## DATASET RECORDS
--- START ---

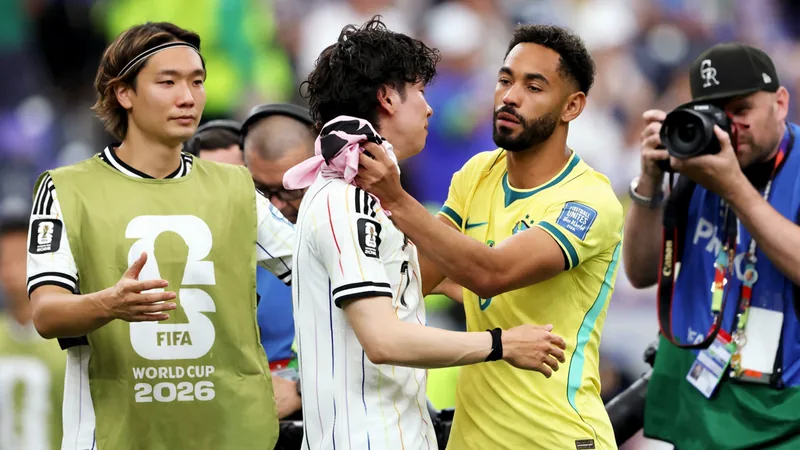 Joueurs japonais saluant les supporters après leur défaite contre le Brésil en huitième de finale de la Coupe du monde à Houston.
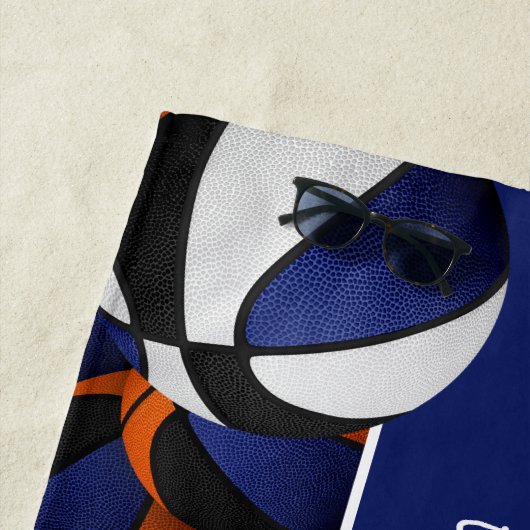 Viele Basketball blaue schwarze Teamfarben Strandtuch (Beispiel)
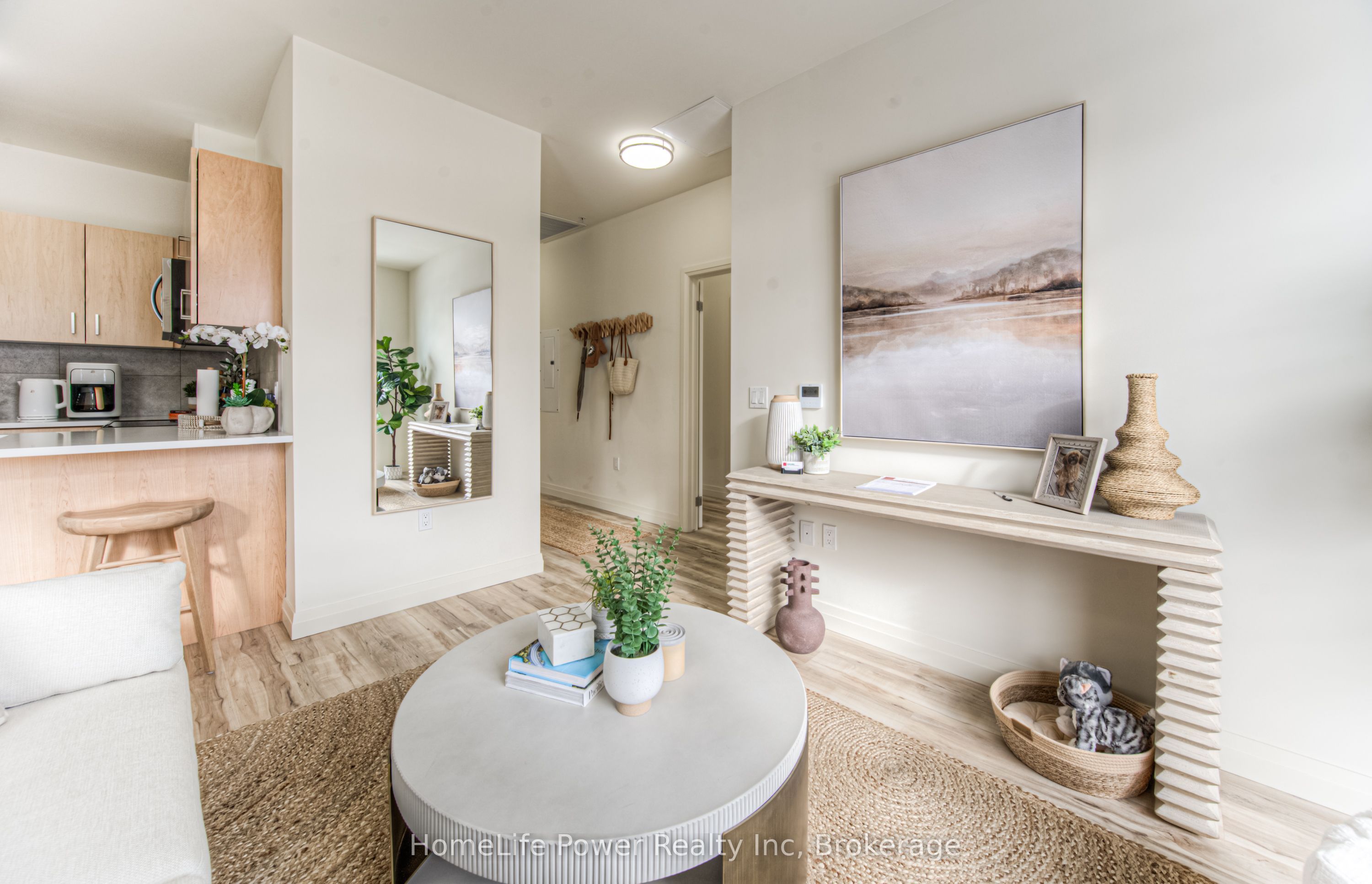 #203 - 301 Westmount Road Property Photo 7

--- END ---
--- START ---

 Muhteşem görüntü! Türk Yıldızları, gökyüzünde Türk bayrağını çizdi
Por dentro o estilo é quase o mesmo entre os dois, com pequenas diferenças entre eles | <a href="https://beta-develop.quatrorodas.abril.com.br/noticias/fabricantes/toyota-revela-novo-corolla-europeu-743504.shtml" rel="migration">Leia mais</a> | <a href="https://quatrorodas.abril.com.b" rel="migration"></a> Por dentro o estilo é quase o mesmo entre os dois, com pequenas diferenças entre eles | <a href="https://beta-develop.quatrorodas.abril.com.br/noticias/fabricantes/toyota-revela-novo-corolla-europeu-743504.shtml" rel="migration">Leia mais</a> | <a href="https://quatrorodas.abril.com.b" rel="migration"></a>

--- END ---

## WORK TO COMPLETE
Write out, word for word, the stretch of entries that begins at the line with "Joueurs japonais saluant" and ends at the line with "#203 - 301 Westmount Road Property Photo 7". Pictures do not belong in it.

## OUTPUT BELOW
 Joueurs japonais saluant les supporters après leur défaite contre le Brésil en huitième de finale de la Coupe du monde à Houston.
 Viele Basketball blaue schwarze Teamfarben Strandtuch (Beispiel)
 #203 - 301 Westmount Road Property Photo 7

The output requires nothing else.